Well, it’s time to roll the hard six.
I’ve just mailed the first eight pages of Astro-Knight Princess to Dark Horse, along with my series proposal. Hopefully they’ll like it more than my last submission, but even if they don’t, it’s a great enough idea that I’ll work on it with or without them. After all, self-publication is all the rage these days.
At this time in the proceedings, I think it’s good to share a story of regret and missed opportunities. I hope anyone reading this who is hesitant to take their own leap into the unknown will be inspired to take the risk and see just how far they can go.
Ten years ago, I had an opportunity to write for Marvel Comics.
It was the summer of 2004. I was feeling oddly spunky and inspired, having just finished a thousand-page outline for a massive story I had thought of three years before. Every spare moment of those three years was spent working on the story or thinking of new aspects to it. I was so happy to be finished that I decided that I should submit the idea to someone. The first company I thought of was Marvel Comics.

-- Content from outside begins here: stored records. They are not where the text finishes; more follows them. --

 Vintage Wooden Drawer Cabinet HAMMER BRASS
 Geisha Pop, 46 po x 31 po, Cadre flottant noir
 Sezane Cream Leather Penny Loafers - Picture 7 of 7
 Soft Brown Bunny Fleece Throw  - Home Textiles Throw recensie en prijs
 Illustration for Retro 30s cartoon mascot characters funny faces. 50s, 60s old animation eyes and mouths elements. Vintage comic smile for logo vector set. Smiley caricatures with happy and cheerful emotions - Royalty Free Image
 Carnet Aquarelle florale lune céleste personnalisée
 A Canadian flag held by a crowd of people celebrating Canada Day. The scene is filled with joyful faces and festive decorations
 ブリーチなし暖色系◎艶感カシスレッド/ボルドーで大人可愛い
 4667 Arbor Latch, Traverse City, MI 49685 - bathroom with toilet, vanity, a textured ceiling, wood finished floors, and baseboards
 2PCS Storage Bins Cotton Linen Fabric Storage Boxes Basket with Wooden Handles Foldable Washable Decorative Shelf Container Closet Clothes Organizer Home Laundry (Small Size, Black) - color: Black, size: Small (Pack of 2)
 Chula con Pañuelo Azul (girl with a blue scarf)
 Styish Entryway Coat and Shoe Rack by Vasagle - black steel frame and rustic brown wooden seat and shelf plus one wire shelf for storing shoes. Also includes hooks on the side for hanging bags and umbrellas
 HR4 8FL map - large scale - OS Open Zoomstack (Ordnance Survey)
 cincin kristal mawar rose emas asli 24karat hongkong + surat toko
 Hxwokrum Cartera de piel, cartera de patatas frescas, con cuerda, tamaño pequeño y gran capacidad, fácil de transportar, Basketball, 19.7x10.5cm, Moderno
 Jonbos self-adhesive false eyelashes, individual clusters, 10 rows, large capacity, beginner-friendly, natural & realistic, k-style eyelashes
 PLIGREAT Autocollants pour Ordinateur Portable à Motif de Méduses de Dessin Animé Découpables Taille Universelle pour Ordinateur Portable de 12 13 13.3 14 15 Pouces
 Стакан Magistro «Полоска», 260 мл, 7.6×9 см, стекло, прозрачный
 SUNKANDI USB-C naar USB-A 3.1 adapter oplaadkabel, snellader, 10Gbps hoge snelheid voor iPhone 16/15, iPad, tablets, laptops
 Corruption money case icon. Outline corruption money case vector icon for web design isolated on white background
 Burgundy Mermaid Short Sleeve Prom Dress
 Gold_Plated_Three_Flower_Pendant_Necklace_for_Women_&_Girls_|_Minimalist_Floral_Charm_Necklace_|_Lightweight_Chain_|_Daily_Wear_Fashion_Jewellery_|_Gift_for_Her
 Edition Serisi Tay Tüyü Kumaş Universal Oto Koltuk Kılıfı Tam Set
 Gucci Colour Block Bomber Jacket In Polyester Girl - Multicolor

I had loved Marvel ever since I was introduced to them through the Age of Apocalypse. I stuck with them through Heroes Reborn (I still have every issue, that’s how dedicated I was), and through The Search for Xavier and The Magneto War. I stuck by them through Spider-Man’s fracture into the Dusk, Hornet, Prodigy, and Ricochet aliases. I stuck by them through it all. And I wanted, more than anything, to write for them.
I submitted a query letter, which was the style at the time, detailing how much their comics had inspired me, and how I felt I had a lot to offer them. In my egotism, I even told them I could salvage Ghost Rider (which was not doing so hot at the time). I finished my letter full of hope and a dash of pride. I mailed it, and waited.
Two months later, a reply came from Teresa Focarile, an editor at Marvel. She thanked me for my letter and wanted to read my work, and asked me to submit a writing sample.
An editor from Marvel Comics asked me to send in a writing sample!
I was beyond words, beyond thrilled, beyond thought. I rushed to my computer, eager to write something and submit it that day!
But I froze. Dark thoughts entered my head. They told me I was no writer, that my ideas were laughable. They told me that no one would ever like my work, that it was pointless to even try. Why waste her time? She was a busy Marvel editor, and didn’t have time to read my crap.
I never submitted anything. And I’ve spent the last ten years regretting it as I’ve drifted from one dead-end job to the next. I wondered what would have happened if I had only submitted a simple piece of writing. Even if I had been rejected, I would have known. But now, all I can do is wonder, while at the same time not wasting any more time. I am a writer, and it’s time to show the world what I can do.
Don’t make the same mistake I did. If you have a great piece of music, a fantastic piece of art, a tantalizing collection of words, then try to get it into someone’s — anyone’s — hands. Fight for your dreams, pursue your hopes, and claw your way to the top. And don’t give up until you get there.
Because, believe me, the alternative is nothing but regret and wasted time.